Kemenparekraf Buka MasterClass Pemasaran Digital Gratis; Bantu Pebisnis Kriya Hadapi Covid-19

Kemenparekraf Buka MasterClass Pemasaran Digital Gratis; Bantu Pebisnis Kriya Hadapi Covid-19

Kemenparekraf Buka MasterClass Pemasaran Digital Gratis; Bantu Pebisnis Kriya Hadapi Covid-19

Sebanyak 100 pebisnis kriya akan menerima pelatihan komprehensif tentang pemasaran digital

Surabaya, Kabarindo- Kementerian Pariwisata dan Ekonomi Kreatif/Badan Pariwisata dan Ekonomi Kreatif membuka kesempatan bagi pelaku bisnis kreatif untuk mendalami pemasaran digital langsung dari pakarnya pada 28 September - 2 Oktober 2020.

Tujuannya memberikan solusi bagi pelaku usaha ekonomi kreatif keluar dari krisis Covid-19. Untuk saat ini, pelatihan berkelanjutan ditujukan khusus untuk pemilik usaha di Subsektor Kriya. Sebanyak 100 pebisnis kriya akan menerima pelatihan komprehensif tentang pemasaran digital secara eksklusif.

Pelatihan ini menjadi penting, karena menurut catatan Kementerian Keuangan per April 2020 dunia usaha yang terdampak signifikan dengan adanya Covid-19 adalah UMKM, yang memiliki kontribusi sebesar 60,3% dari total PDB Indonesia. Selain itu, UMKM menyerap 97% dari total tenaga kerja dan 99% dari total lapangan kerja. Penguasaan pemasaran digital tidak sekedar membuat pelaku UMKM di Subsektor Kriya mampu bertahan, tapi juga mampu menembus pasar ekspor secara efisien.

“Beralih ke digital merupakan solusi paling efektif. Bila pemilik usaha bisa semakin kreatif memasarkan produk lewat dunia digital, maka sebagian masalah penjualan akan teratasi. Yang penting, mereka sungguh-sungguh mendalami strategi pemasaran digital,” ujar Muhammad Neil El Himam, Deputi Bidang Ekonomi Digital & Produk Kreatif Kemenparekraf/Baparekraf.

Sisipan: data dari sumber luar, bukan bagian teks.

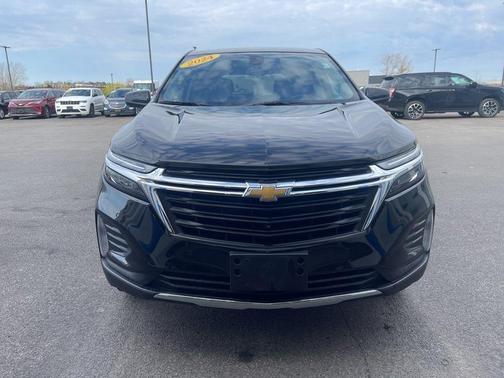 Mosaic Black Metallic 2024 Chevrolet Equinox LT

Yuana Rochma Astuti, Direktur Pemasaran Ekonomi Kreatif Kemenparekraf/Baparekraf, menambahkan pihaknya akan terus mendukung pelaku UMKM khususnya Subsektor Kriya untuk segera go digital.

Ini bentuk dukungan kami kepada pengusaha kriya agar memiliki jangkauan pasar yang lebih luas. Kami juga sedang mempertimbangkan untuk membuat kelas untuk pelaku industri kreatif lainnya,” ujarnya.

Untuk itu, Kemenparekraf/Baparekraf menginisiasi program pelatihan Peningkatan Kompetensi Pelaku Ekonomi Kreatif dalam Pemasaran Digital. Program ini akan dilakukan secara berkelanjutan selama 28 September - 2 Oktober 2020 dengan materi memahami 12 perubahan perilaku konsumen selama pandemi, bagaimana membangun branding di dunia digital untuk bertahan saat di era pandemi, langkah-langkah mengembangkan digital marketing, mengembangkan rencana bisnis digital untuk menarik investor serta mendatangkan penjualan menggunakan iklan di Instagram.

Tujuan pelatihan tersebut agar para pelaku usaha khususnya Subsektor Kriya memperoleh pelatihan yang komprehensif tentang pemasaran digital. Selain materi dari narasumber utama, juga akan dihadirkan pelaku bisnis Subsektor Kriya yang akan berbagi pengalaman pemasaran digital mereka.

Pegiat bisnis kriya dari produk lokal yang akan berkolaborasi adalah Annisa Hendrato, Creative dan Digital Marketing Noesa. Ia mengatakan, pemasaran digital adalah penyelamat di tengah pandemi. Konsumen bisa membeli secara online produknya, sehingga penjualan dapat terus dilakukan.

Diharapkan setelah melalui pelatihan ini, para pelaku bisnis kriya dapat menerapkan konsep pemasaran digital agar mampu bertahan di era pandemi dan bersaing dengan pebisnis lain secara global.